** Opening Dataset content block **

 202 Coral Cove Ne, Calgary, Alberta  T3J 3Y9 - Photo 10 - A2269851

** Closing Dataset content block **
** Opening Dataset content block **

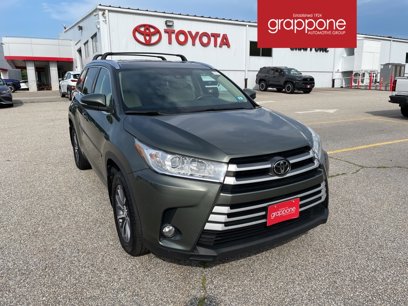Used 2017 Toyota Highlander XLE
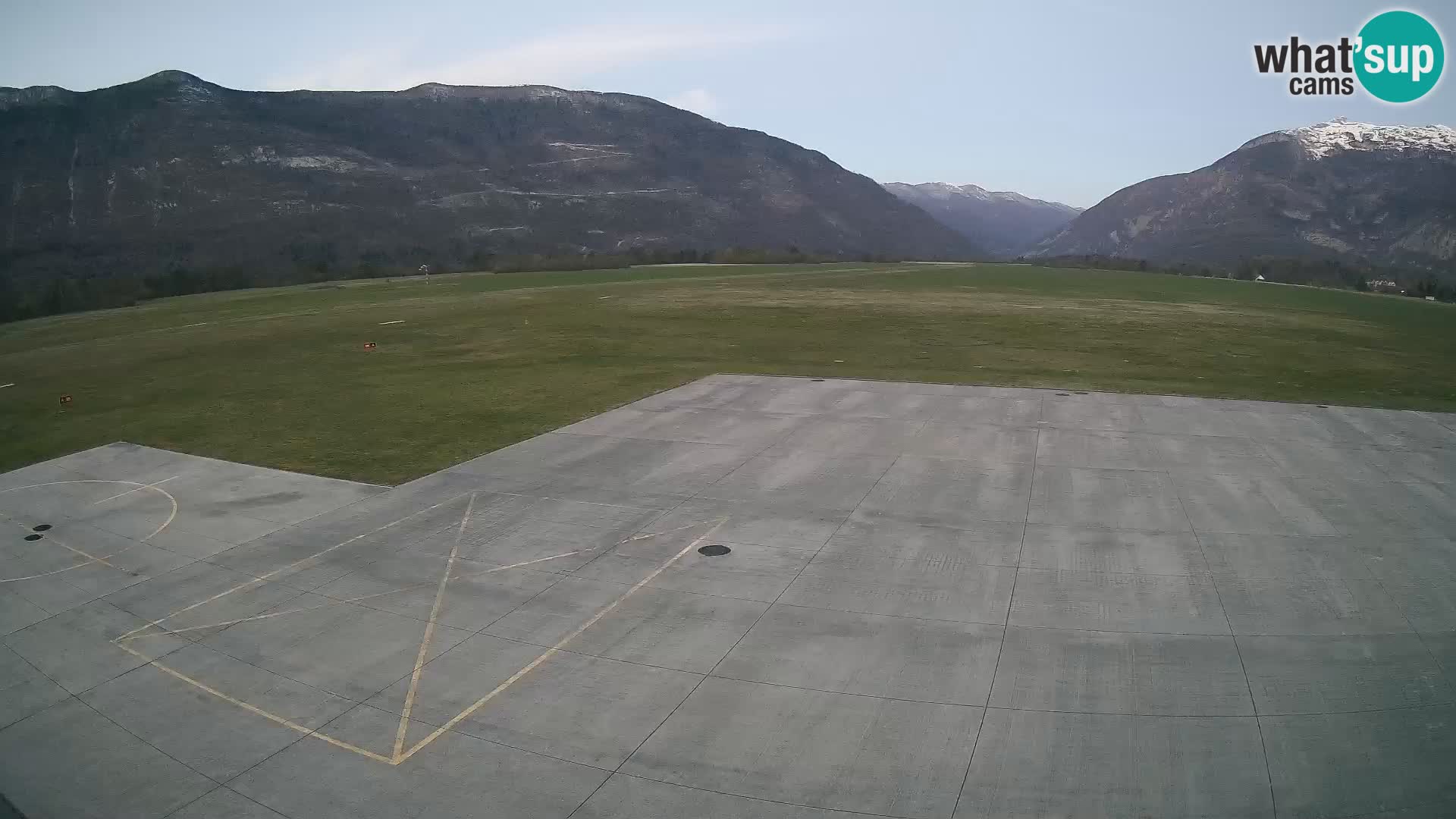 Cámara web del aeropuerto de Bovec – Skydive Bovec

** Closing Dataset content block **

| Work task |
Write back the stretch of lines above that begins with the line holding "Used 2017 Toyota Highlander XLE" and ends with the line holding "Cámara web del", both included, exactly as written. Pictures stay out.

| Exercise result |
Used 2017 Toyota Highlander XLE
 Cámara web del aeropuerto de Bovec – Skydive Bovec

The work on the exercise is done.